Getting The Mix Right… Or How I Learned To Stop Worry & Love Delays & Reverbs

You heard the sound of a vocalist with a long reverb and the rest of the band sounding like it was playing in a bathroom? Or the sound of a snare drum giving off a high, splashy reverb and the kit’s lifeless? How about the guitar panned hard left with a short delay panned hard right? Okay, guilty as charged? Well, help is on the way.

I design environments where records live in people’s minds for a lifetime; that is, I put records in a mood for the entire project. I call it setting up the environment a recording lives in. This style of mixing combines various reverbs, delays, and other effects to achieve a mix that sounds as if the musicians played in one room, live, and at the same time. It can make an acoustic instrument that sounds dead jump to life, enhance a concert performance that suffered from close miking, or mask a band recording made with multiple overdubs, at different studios, over many months, sound cohesive again.


As the engineer, I work closely with artists to determine who the intended audience might be, where the music might get airplay and what references are the artists listening to that they will compare their final mixes with. After the issues of panning and EQ have been addressed, it’s time to start building the environment. I’m going to focus on the delicate mixture of delays and reverbs for this article, leaving compression for another time.

At your own facility, you probably have your arsenal of effects in place and are familiar with what they are capable of. The first tune you mix is going to dictate how the entire album will sound with the environment technique. Chances are the first tune will be remixed as you refine the environment, so choose the tune that might require the most extensive use of effects and uses all the instruments you might encounter. Pulling out instruments is easier than finding more effects in a pinch. Limitations are good.

Or, if you choose, use the medium up-tempo piece you like the most because you’re going to be hearing it a lot right now while creating and setting up all the effects.

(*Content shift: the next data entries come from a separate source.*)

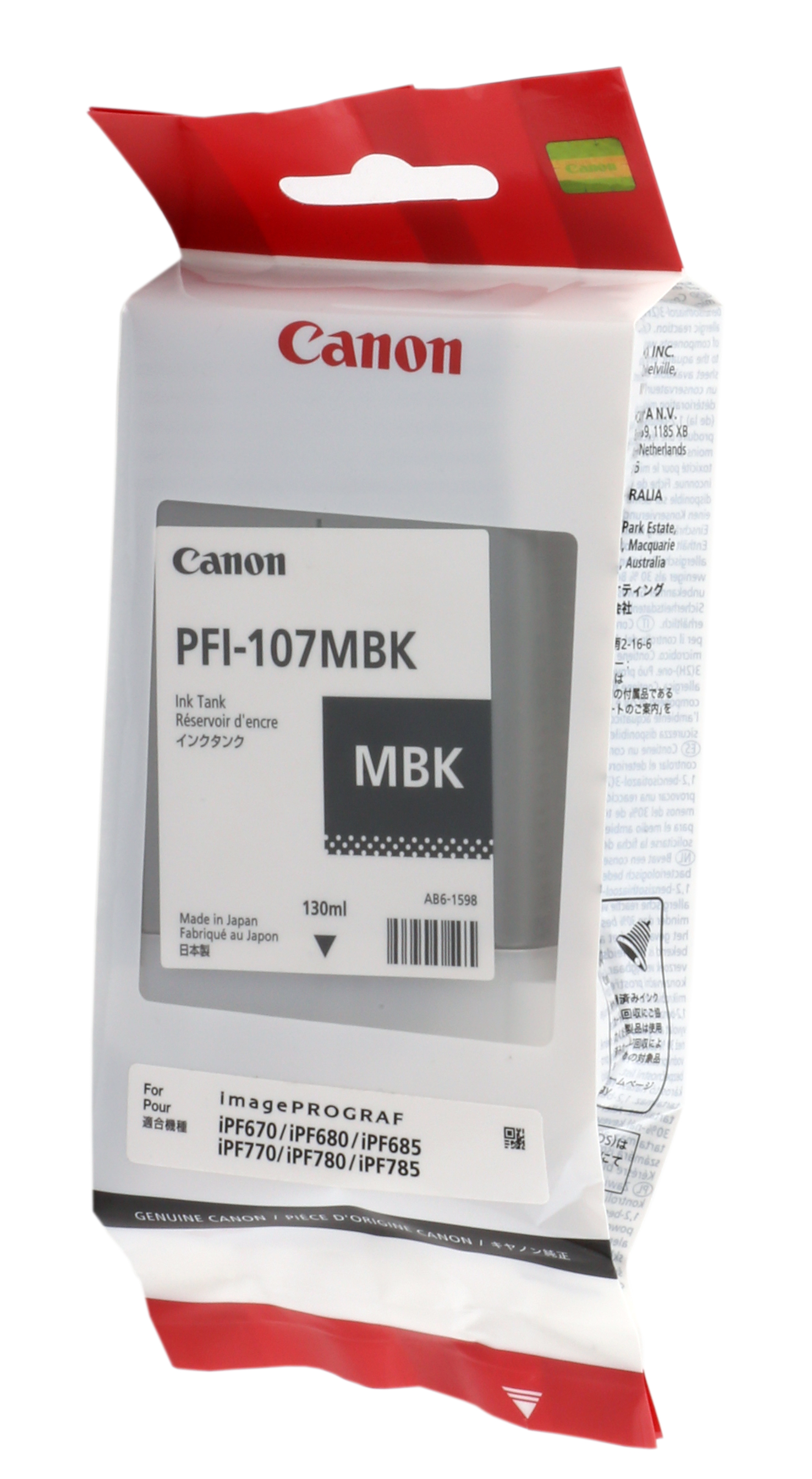 CANON PFI-107MBK MATTE BLACK MAT SIYAH PLOTTER KARTUS IPF770-775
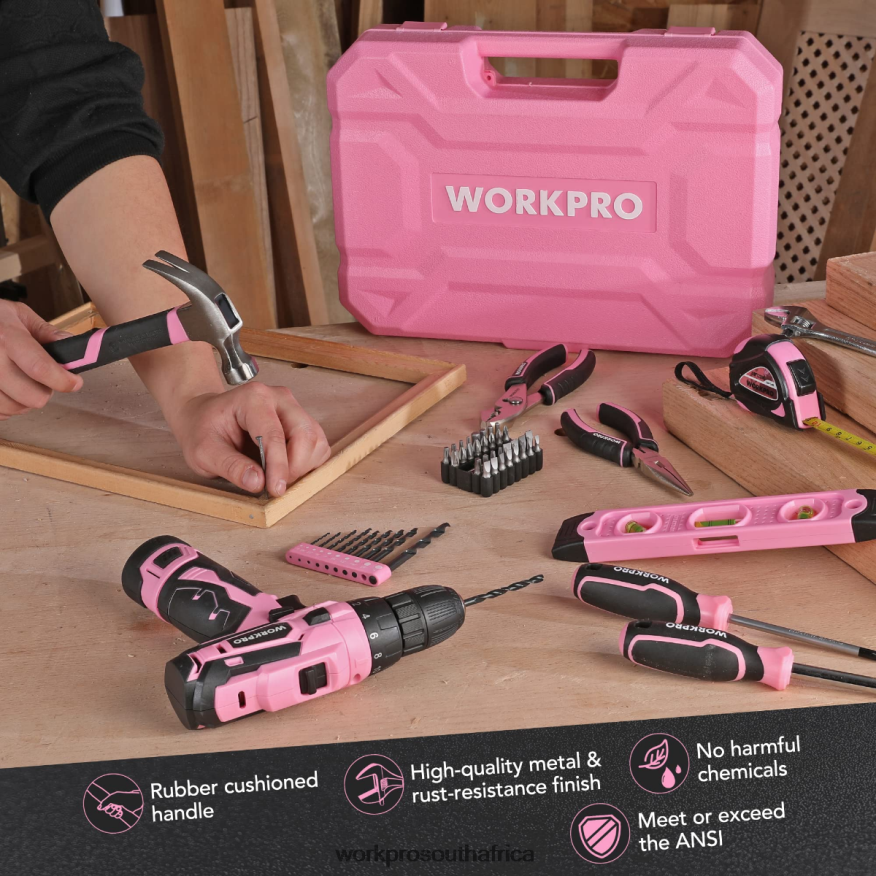 ZA WORKPRO 108-Piece Portable Tool Set with Power Drill Pink/Grey 4B8V2T173 Tool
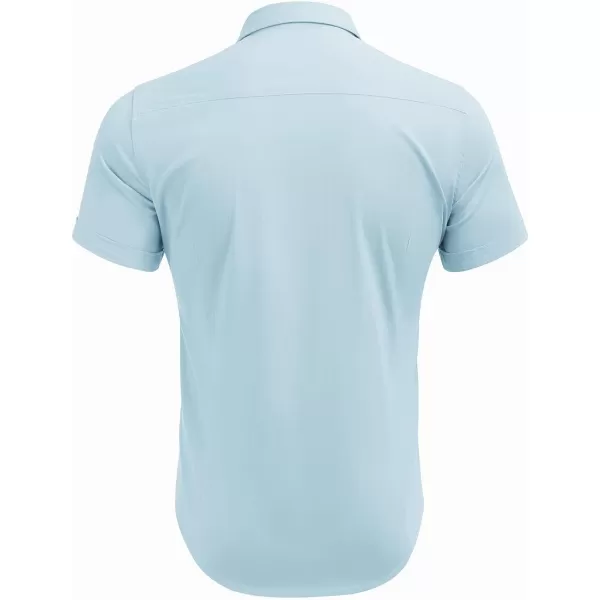 COOFANDY Men's Muscle Fit Dress Shirts Short Sleeve Cotton Casual Button Down Shirt with Pocket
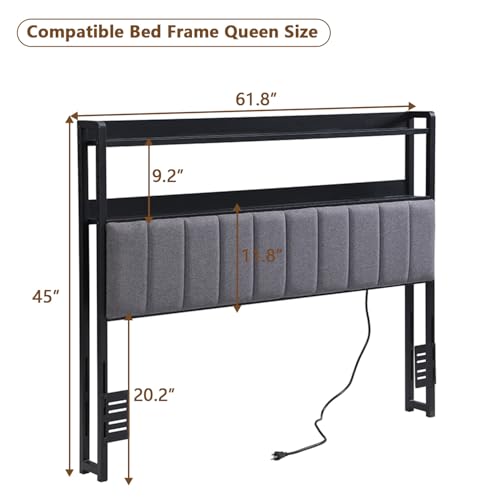 Image of anwickjeff Headboard for Queen Size Bed with 2-Tier Storage, Upholstered Headboards with Outlets, USB Ports and LED Light,Head Board Only, Height Adjustable, Sturdy and Stable (Queen)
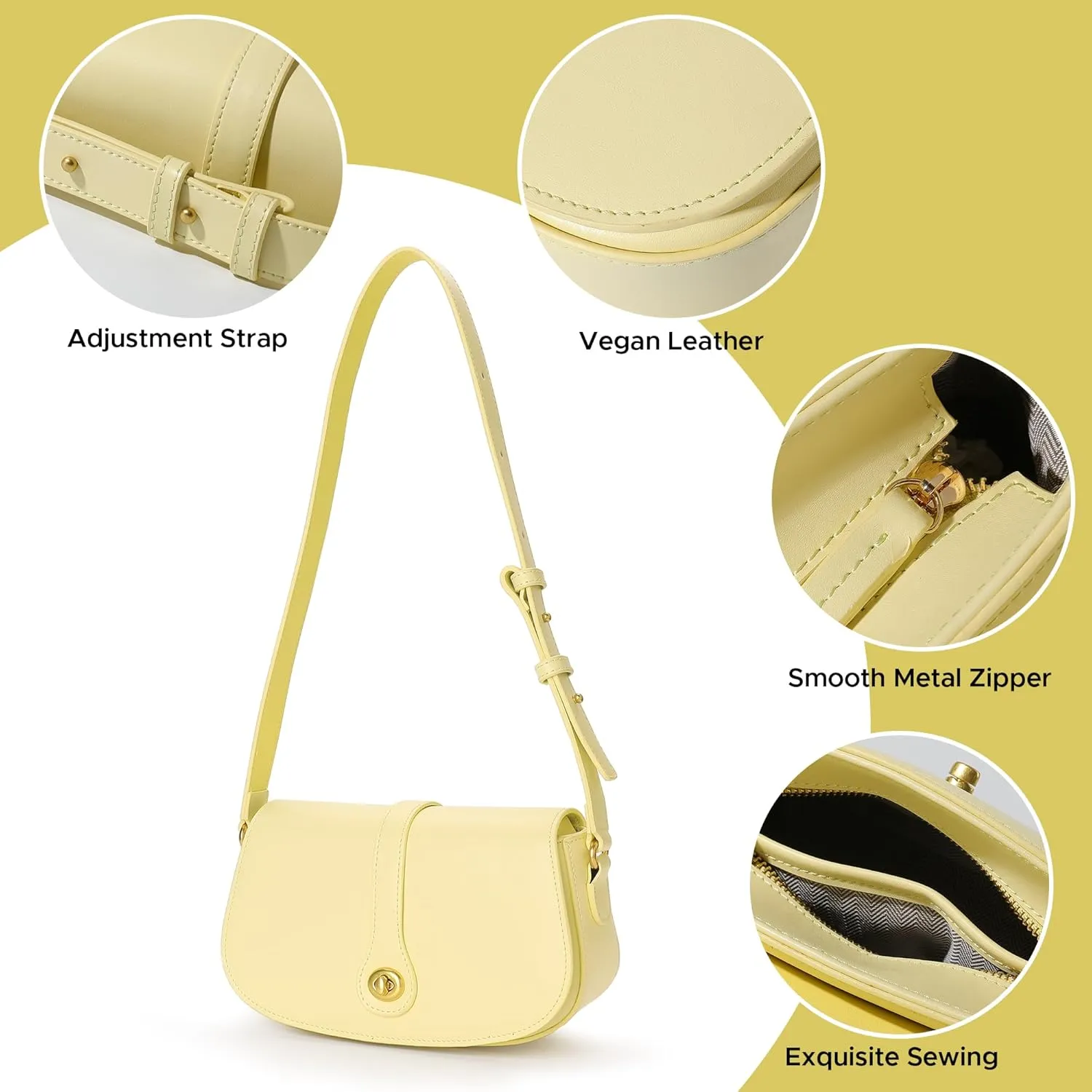 KEVANCHO Leather Shoulder Bag for Women, Women's Fashion Handbags Tote Clutch Bag with Zipper, Gifts for Her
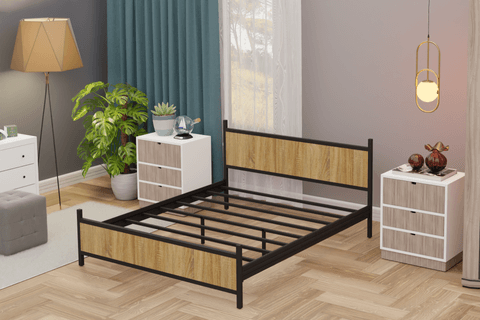 GM MODERN METAL ÇİFT KİŞİLİK KARYOLA, SİYAH ATLANTİK ÇAM, 150X200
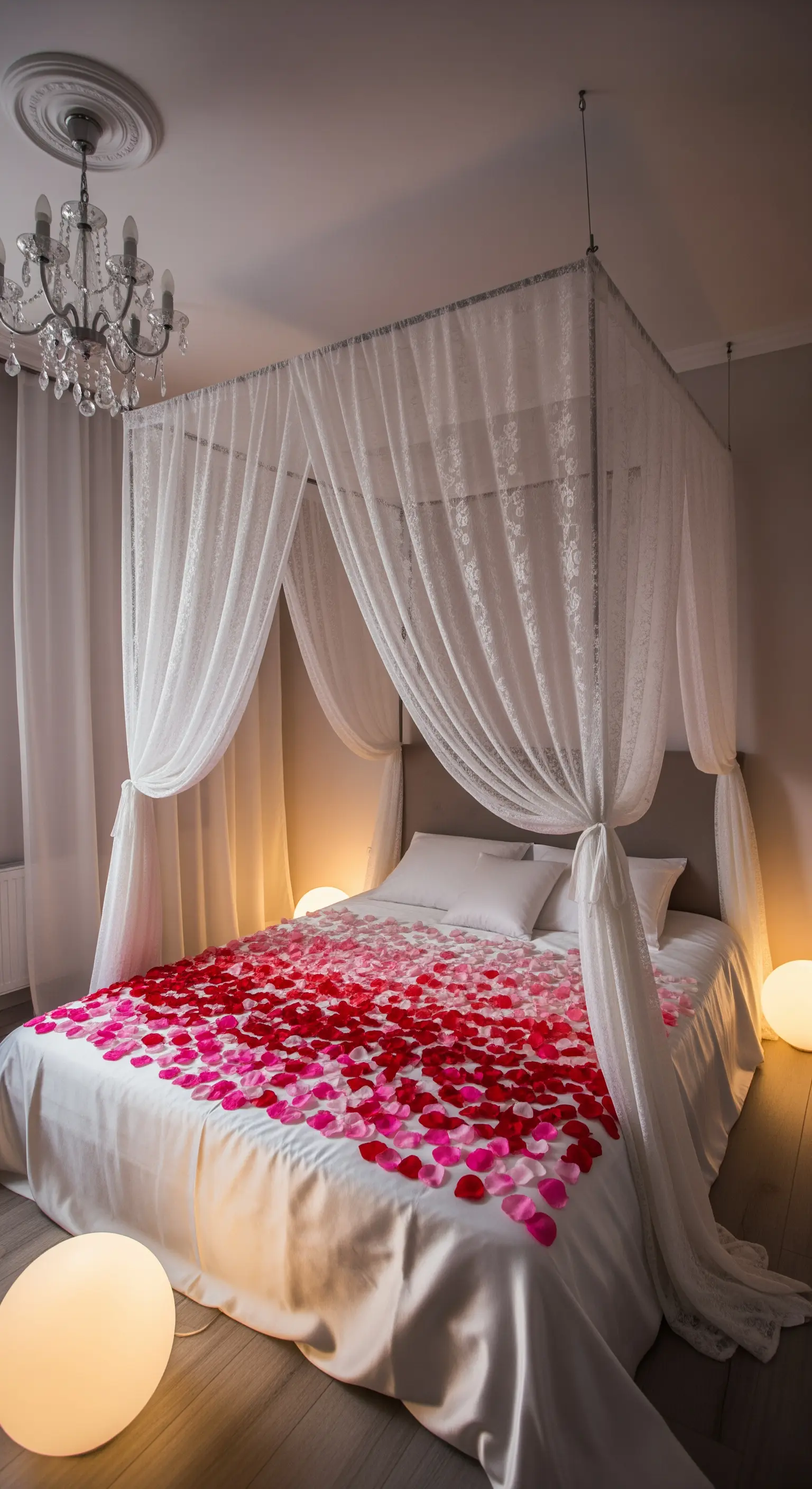 Letto a baldacchino con tende bianche e una cascata di petali di rosa rossi e rosa.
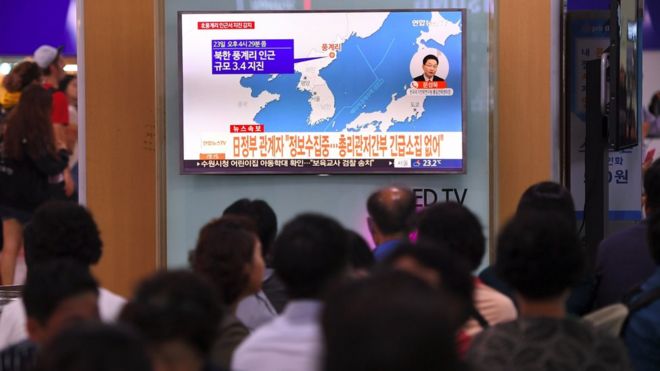 News of the earthquake was broadcast in Seoul, South Korea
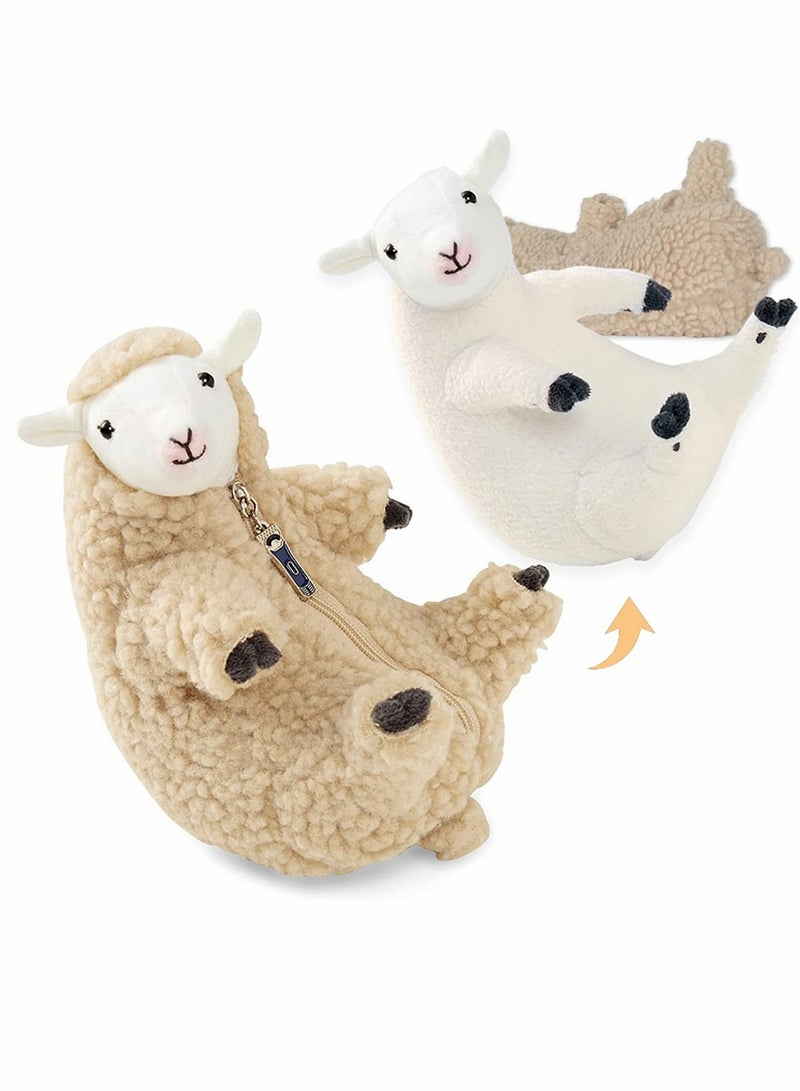 KASTWAVE Plushies, Plush Figures, Shaved Sheep, Funny Lamb Stuffed Animal, Cute Plushie, Sleeping Pet Buddy, Best Birthday Gift for Women Girls Boys Teens, Small Plush Toy, Decor - Image 1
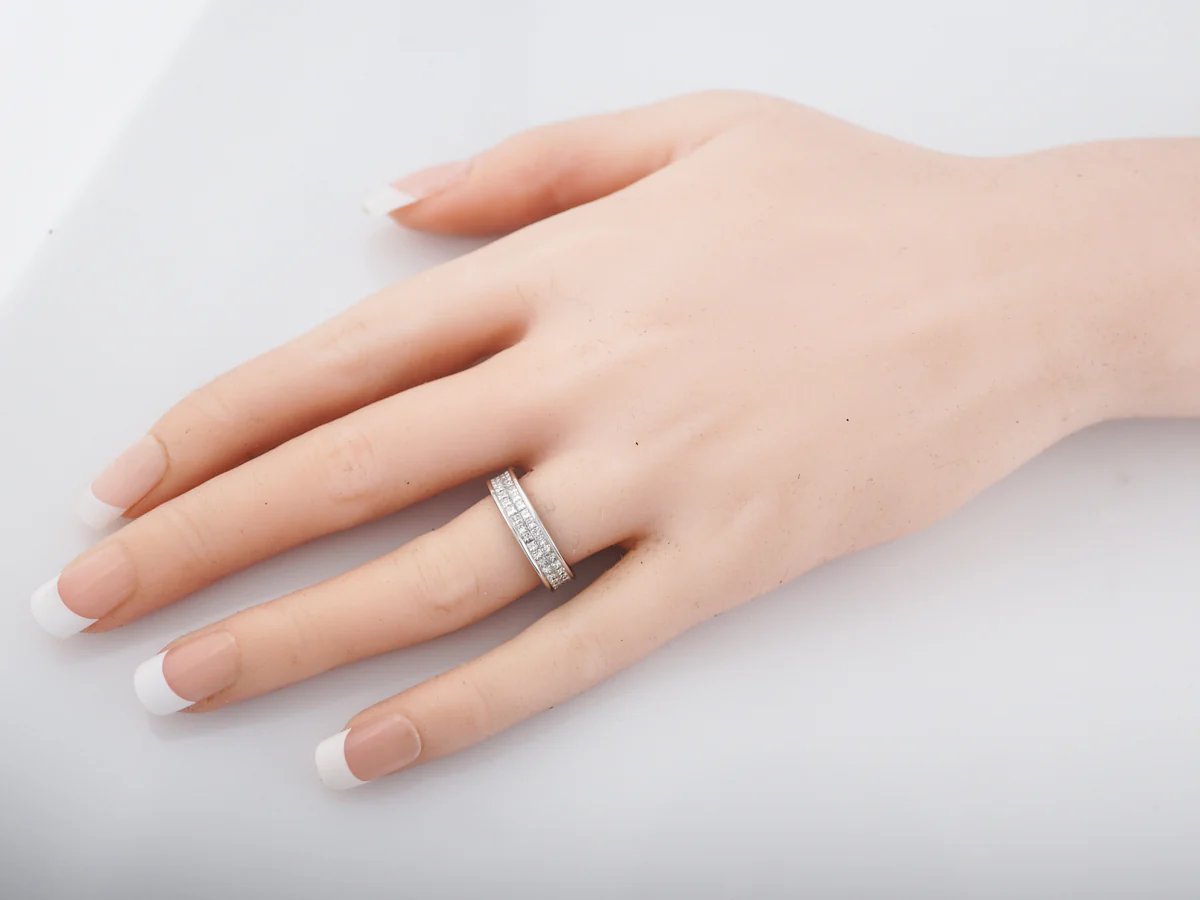 Eternity Wedding Band Modern 1.17 Princess Cut Diamonds in 18k White Gold - Image 5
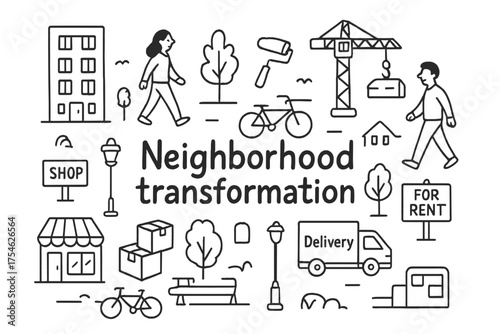 Neighborhood Transformation Icons. transformation. Hand-drawn doodle illustration of Neighborhood
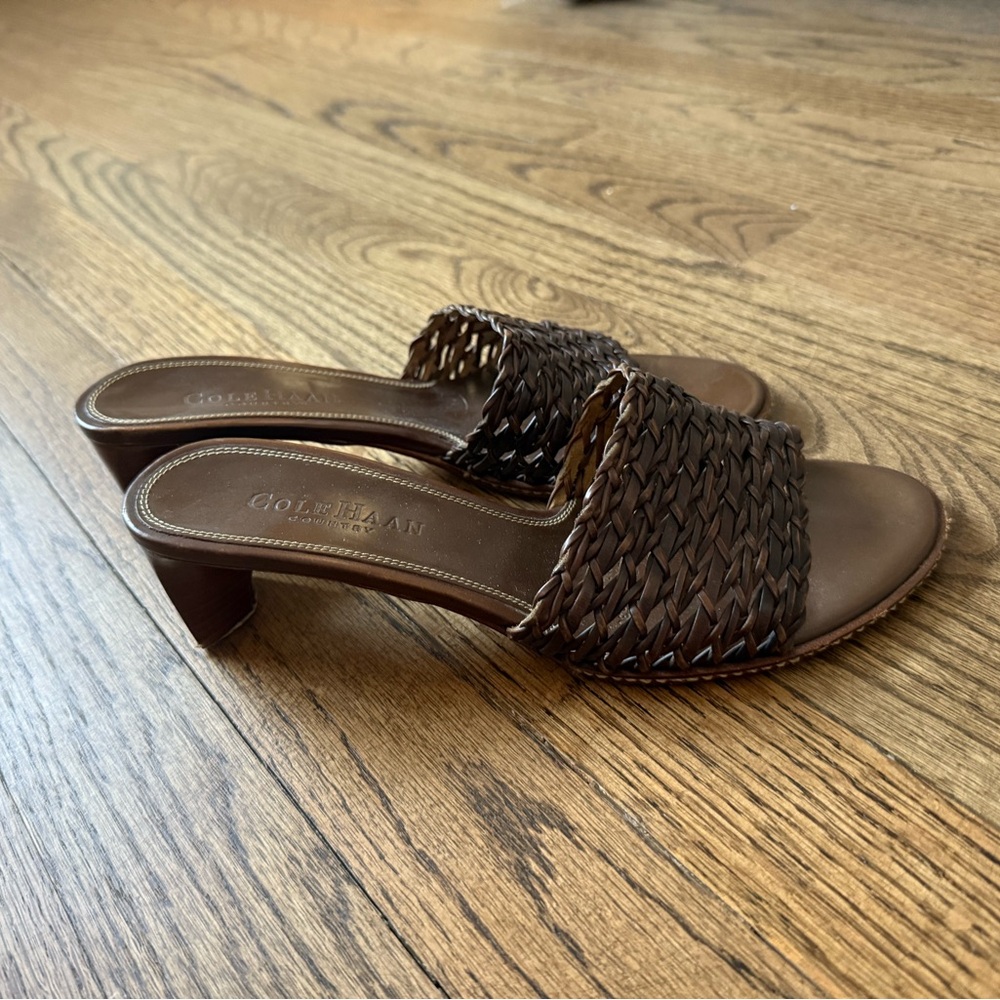 Cole Haan Brown Woven Sandals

As the engineer, this is where you have the most fun with upsetting your client. As their mouths drop in horror, you calmly listen and take time as they count the dollars flash by. Not to worry. Once you’ve setup your environment, you can re-patch and mix song after song with a few slight alterations and probably finish the entire album mix in less time.

From tune to tune, you will move incredibly fast. Granted, it helps if the same person recorded all the instruments and the tracks are cleaned up prior to the mix, the relative recorded levels are pretty similar, and the musicians are the same. With this in mind, it’s best to mix similar kinds of song, like the upbeat songs with the same musicians one after the next, and the ballads with other ballads. It will also cost you less in mastering if songs are mixed in a similar manner.

I like to have, at minimum, two delays and two reverbs available at all times, even for rough mixes. Take the opportunity during rough mixes to test where you are going to place the instruments and how they interact. This will have a drastic effect on what kind of reverb or delay you might be using. Rough mixes are the time you test whether a wetter sound (use of more or longer reverb) or dryer sound has the desired effect to the listener. It’s also a great time to make mistakes and say, “Hey, it was just a rough mix, don’t worry. . . .” Many a rough mix has saved me from the horror of too much or little of something.


After you’ve assessed the situation, decide which instrument is the most important (usually the featured artist — I’ll refer to the vocalist as an instrumentalist as well) and work on their sound first. If you start with the person who complains the most, you’ll end up remixing for the featured artist, so just kick that person out of the room for awhile. Actually, kick them ALL out for a couple of hours. They’ll learn to love you for it.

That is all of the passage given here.